When the classroom becomes infinite – utopia or reality?
Date / Time: 21 November 2014, 2–3pm
Venue: A&B Meeting Room (TC.2.27), Faculty of Education, University of Waikato
Eva Alerby and Susanne Westman
An ordinary day in an ordinary school, teachers and students are involved in different kinds of activities and relationships. This mix of activities and relationships are, among other things, influenced by the spatial formation of the school building and, in turn, influence the physical space—there is a mutual interplay between human beings and the place. Then, how can we understand and describe the relationship between the humans and places? Or more specifically, how can a learning place, such as a classroom, be understood?
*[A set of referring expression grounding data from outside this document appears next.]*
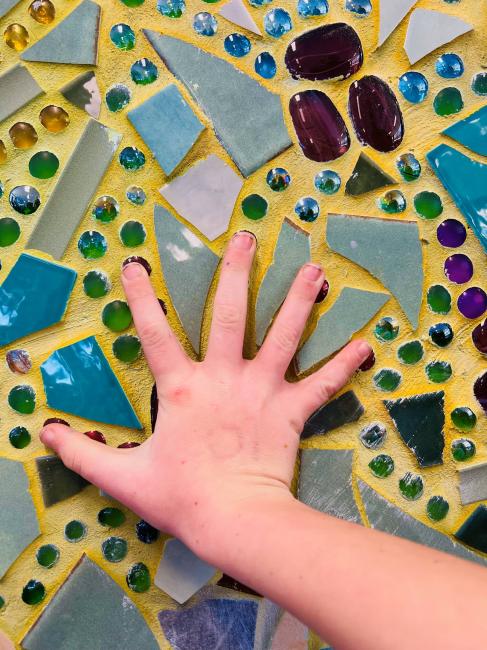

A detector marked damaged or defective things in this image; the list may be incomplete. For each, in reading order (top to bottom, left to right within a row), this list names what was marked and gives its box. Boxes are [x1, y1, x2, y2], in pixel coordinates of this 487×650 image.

broken ceramic shard [404, 9, 476, 65]
broken ceramic shard [127, 86, 204, 178]
broken ceramic shard [144, 31, 290, 176]
broken ceramic shard [27, 116, 122, 258]
broken ceramic shard [160, 154, 244, 240]
broken ceramic shard [0, 252, 76, 344]
broken ceramic shard [154, 204, 219, 352]
broken ceramic shard [254, 219, 310, 344]
broken ceramic shard [298, 288, 388, 372]
broken ceramic shard [328, 214, 424, 330]
broken ceramic shard [41, 334, 142, 430]
broken ceramic shard [302, 388, 366, 438]
broken ceramic shard [386, 390, 446, 466]
broken ceramic shard [300, 448, 364, 524]
broken ceramic shard [22, 556, 158, 644]
broken ceramic shard [156, 536, 217, 604]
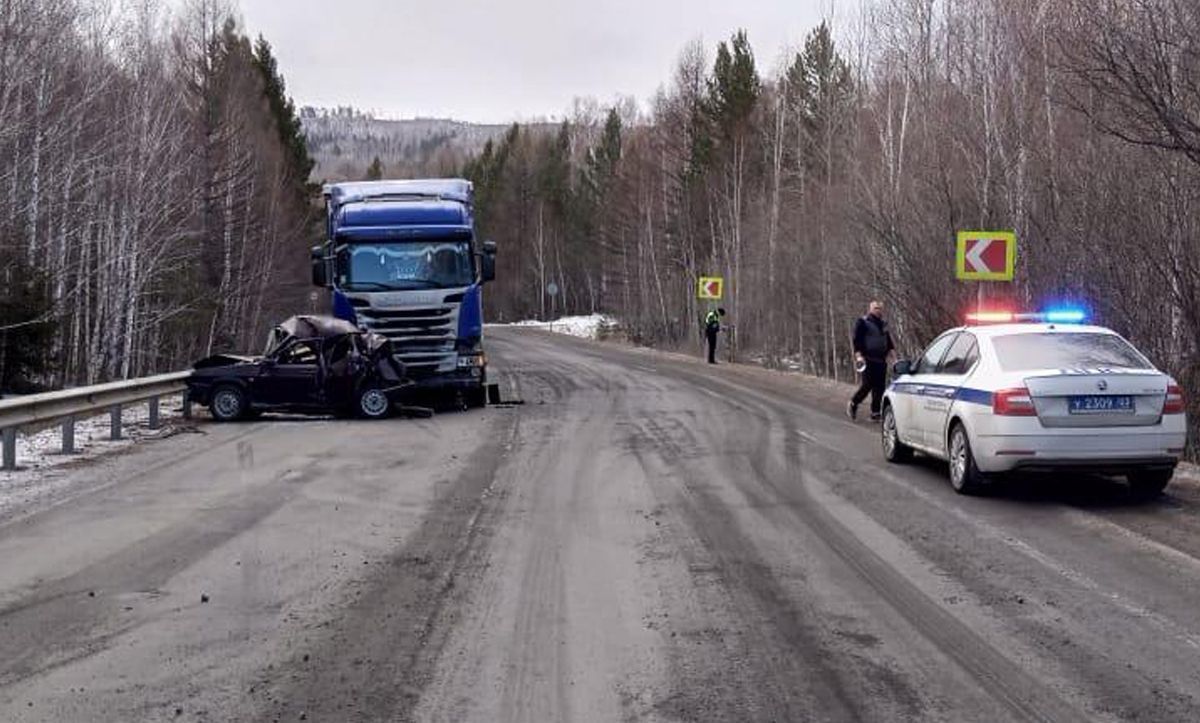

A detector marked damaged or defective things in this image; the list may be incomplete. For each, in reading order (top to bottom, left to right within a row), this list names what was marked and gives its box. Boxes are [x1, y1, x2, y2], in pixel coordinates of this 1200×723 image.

broken windshield [336, 238, 475, 289]
wrecked dark sedan [187, 312, 410, 420]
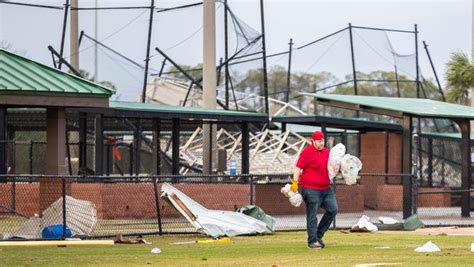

A classroom in a school is often taken for granted; no one questions that a school building has classrooms. But taking something for granted can be a reason to return to the thing itself—the classroom. Merleau-Ponty reminds us that we need to interrogate our presumptions through what he describes as hyper-reflection, a critical self-reflection that interrogates its own possibility.
In a traditional (Western) classroom, time, space, body and relations have often been—and still are—strictly regulated, and teaching and learning are often strictly controlled within the physical room. Another kind of 'classroom' is a learning place beyond the four walls of the physical room. We are going to open up for a discussion of learning places, beyond the boundaries of the physical classroom from a philosophical life-world approach, in accordance with the work of Maurice Merleau-Ponty.
ENQUIRIES: Please email Margaret Drummond
Eva Alerby
Eva Alerby is Professor of Education at the Department of Arts, Communication and Education, Luleå University of Technology, Sweden. Alerby's works are mainly based on Merleau-Ponty's philosophy of the life-world. Her research interests are relations, identity and diversity in education, as well as philosophical and existential dimensions of education, e.g. time, place and silence.
Susanne Westman
Susanne Westman is Senior lecturer at the Department of Arts, Communication and Education, Luleå University of Technology, Sweden. Westman has recently published a doctoral thesis in which she explores existential dimensions of teacher work in an era of changing educational policies. Theoretically, her study is based on Merleau-Ponty's philosophy of the life-world.